The Advocate General of the CJEU Proposes to Uphold the Validity of the Standard Contractual Clauses but Questions the Validity of the E.U.-US Privacy Shield
In a non-binding recommendation, the Advocate General of the Court of Justice of the European Union (CJEU) recommended that Court uphold the validity of the Standard Contractual Clauses but questioned the validity of the E.U.-US Privacy Shield.
The General Data Protection Regulation (GDPR) provides that personal data may be transferred outside of the European Economic Area only if the transferee country ensures an adequate level of protection of the data. In the absence of the adequacy decision by the European Commission, data can only be transferred on the basis of one of several prescribed mechanisms.
The Standard Contractual Clauses (SCCs) incorporated into the contract between the exporter and importer of the data is the most widely used solution for organizations to facilitate cross-border data transfers in compliance with the GDPR. According to a recent survey, about 88% of the companies rely on the SSCs.
The EU-U.S. Privacy Shield, which was officially adopted in 2016 by the European Commission, is also a data transfer mechanism between the two regions. The Privacy Shield replaced the Safe Harbor data transfer framework which was invalidated by the CJEU in 2015 as a result of a legal challenge brought by privacy advocate Max Schrems stemming from transfers of his data from an Irish Facebook subsidiary to Facebook servers located in the United States (Schrems I). The CJEU found that the Safe Harbor lacked protection of fundamental rights “essentially equivalent” to that in the EU. Particularly, it found that the U.S. national security, public interest and law enforcement have been placed above the Safe Harbor principles.

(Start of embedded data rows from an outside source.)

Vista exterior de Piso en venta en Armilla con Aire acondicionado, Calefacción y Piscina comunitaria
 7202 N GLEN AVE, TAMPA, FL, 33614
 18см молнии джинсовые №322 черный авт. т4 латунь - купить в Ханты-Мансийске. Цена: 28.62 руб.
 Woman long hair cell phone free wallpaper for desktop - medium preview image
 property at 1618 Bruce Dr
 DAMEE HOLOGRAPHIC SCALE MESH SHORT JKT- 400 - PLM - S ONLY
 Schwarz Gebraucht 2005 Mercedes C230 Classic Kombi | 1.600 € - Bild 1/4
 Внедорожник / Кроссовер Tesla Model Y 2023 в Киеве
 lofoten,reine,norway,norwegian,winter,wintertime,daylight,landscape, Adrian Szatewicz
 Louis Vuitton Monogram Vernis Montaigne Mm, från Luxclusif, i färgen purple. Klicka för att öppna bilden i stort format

Following the 2015 CJEU decision, Facebook sought to rely on the SCCs as the basis for the cross-border transfer of Schrems’s personal data. Schrems, in turn, asserted that the SCCs could not justify the transfer to the United States given the potential for the U.S. government’s access to his data (Schrems II). The High Court of Ireland referred the matter to the CJEU.
The Advocate General of the CJEU proposed that the Court should uphold the validity of the SCCs. The Advocate General concluded that:
(1) The EU law applies to a transfer of personal data from a member state to a third country where that transfer forms part of a commercial activity, even if the transferred data may undergo processing by government authorities intending to protect the national security of that country;
(2) The fact that the SCCs are not binding on government authorities in the destination country does not, in itself, render them invalid. Rather, the compatibility of the SCCs with the provisions of the Charter of Fundamental Rights of European Union depends on the existence of the mechanisms to ensure that transfers based on the SCCs are suspended or prohibited where those clauses are breached or impossible to honor;
(3) Such mechanism already exists under the SCCs as they implicitly obligate the data exporter to suspend the transfer or terminate the contract in the event when the legal obligations imposed on the importer entail a breach of the SCCs and therefore prevent the transfer from being accomplished by appropriate safeguards;
(4) In that regard, the parties to the data transfer contract are required to undertake an examination which would consider all the circumstances pertaining to the transfer, including the nature and sensitivity of the data, the mechanisms employed by the exporter and the importer to ensure data security, the nature and purpose of the processing by the government authority in the receiving country, as well as the limitations and safeguards ensured by that country.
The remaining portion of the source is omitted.